Scottish Ministers have been urged by Edinburgh’s councillors to step up efforts to devolve tourism tax powers it is claimed could raise up to £35m a year for the city.
Council leader Cammy Day called for pressure to be put on the Scottish Government so the levy can be introduced as soon as possible.
He said Manchester introduced a visitor charge “using its devolved powers” — but councillors were quick to point out this had been set up by businesses and the council there did not have a direct say over how the revenue raised was spent.
The council has voiced its support for a tourist tax to be set up for several years and has previously suggested a charge of £2 per room per night, capped at £14 per visitor.
It is estimated the scheme would bring in between £5m and £35m a year for cash-strapped council services, depending on the final model agreed.
A report to councillors in November said Holyrood’s transient visitor levy bill could take another two years before being fully implemented.
Speaking at a full council meeting held on Thursday May 4 Councillor Day said: “If there’s any opportunity for bringing this forward sooner then we should look at that.
And the council leader accepted Manchester’s system – which is voluntary and sees cash ring-fenced by the businesses involved – was “not the model that Edinburgh will be looking to deliver”.
He said: “My motion asks us to engage with the Government and start pushing for the tourist tax that we’ve lobbied for for many, many years.
“It has to be a progressive tax that’s fit for the future and one that the council clearly has control over.”
Labour’s Katrina Faccenda said it was crucial to see “everyone in the city of Edinburgh benefit” – a point repeated by several other members during the debate.
SNP group leader Adam McVey, said as council leader in the last term his administration began fleshing out the details of the levy.
“This is now beyond principle and the legislative process that’s currently ongoing – and we’ve had certain letters from a government minister to suggest that some flesh on the bones has been put on that policy – we have already moved way beyond that.
“I agree with where Labour are coming from on this; we need to advocate for this policy and we need to advocate strongly, but we also need to advocate it in a way that people understand exactly what we’re asking for so that we can get exactly what the city needs.”
Fellow SNP councillor Kate Campbell accused Councillor Day of trying to ‘take credit’ for the work put in by the ex-council leader.
“He needs to take credit for it responsibly,” she said, adding that by trying to “score political points” he had “cast a cloud, a bit of doubt around this policy”.
Cllr Campbell said: “The policy that he’s comparing it to in order to try and score some points over the Scottish Government is nowhere near the kind of policy that we need for Edinburgh.”
A tourist tax is supported by all parties in the City Chambers except the Conservatives – although Tory group leader Iain Whyte said he would favour the model introduced in Manchester.

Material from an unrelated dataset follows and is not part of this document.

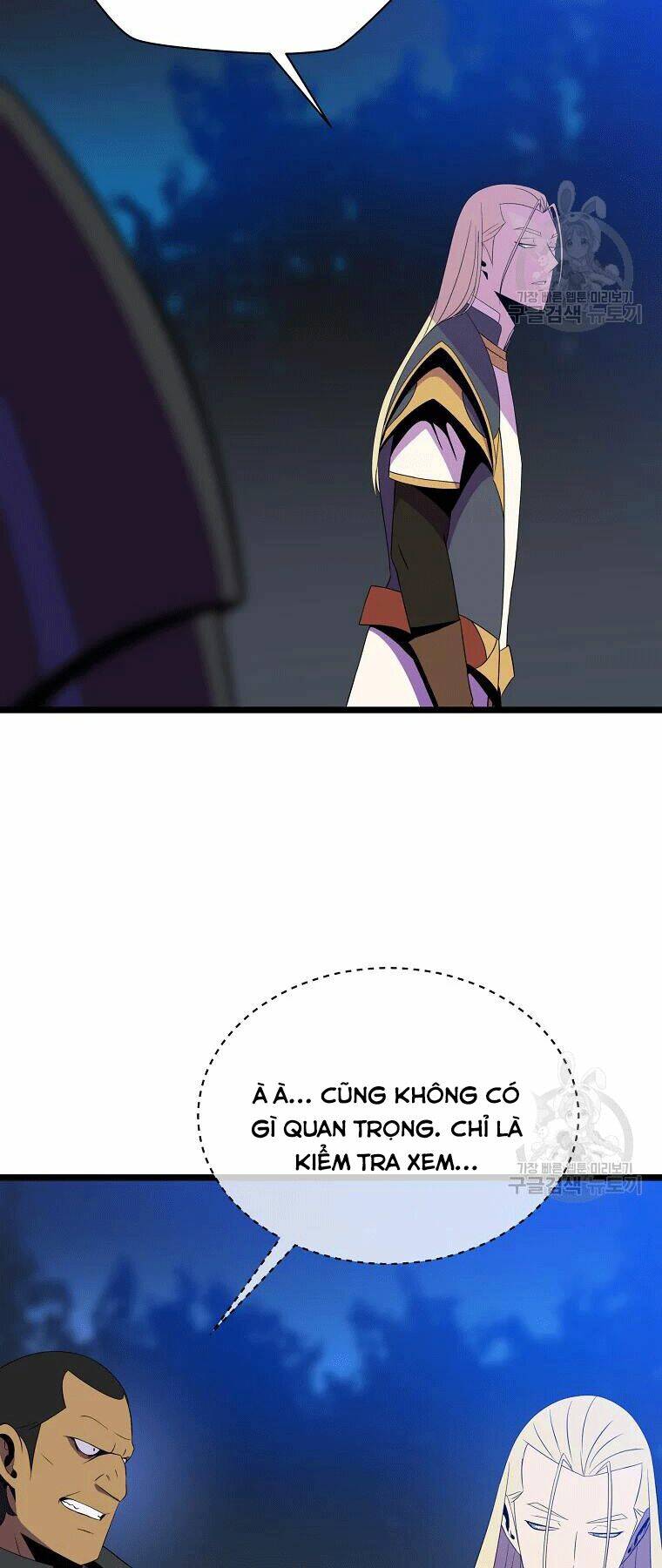 Kẻ Săn Anh Hùng Chapter 90 - Trang 2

“I’d probably like to see it being revenue varying in the long term rather than just revenue raising,” he said.
Cllr Whyte said the council has “never been clear about what it would spend the money on”.
He added: “I do wonder whether we need to be a bit more honest with the public about this.
“What we have to have, if the council leader is going to support this, is some clarity within the council on how we’d run it and how the money would be spent.”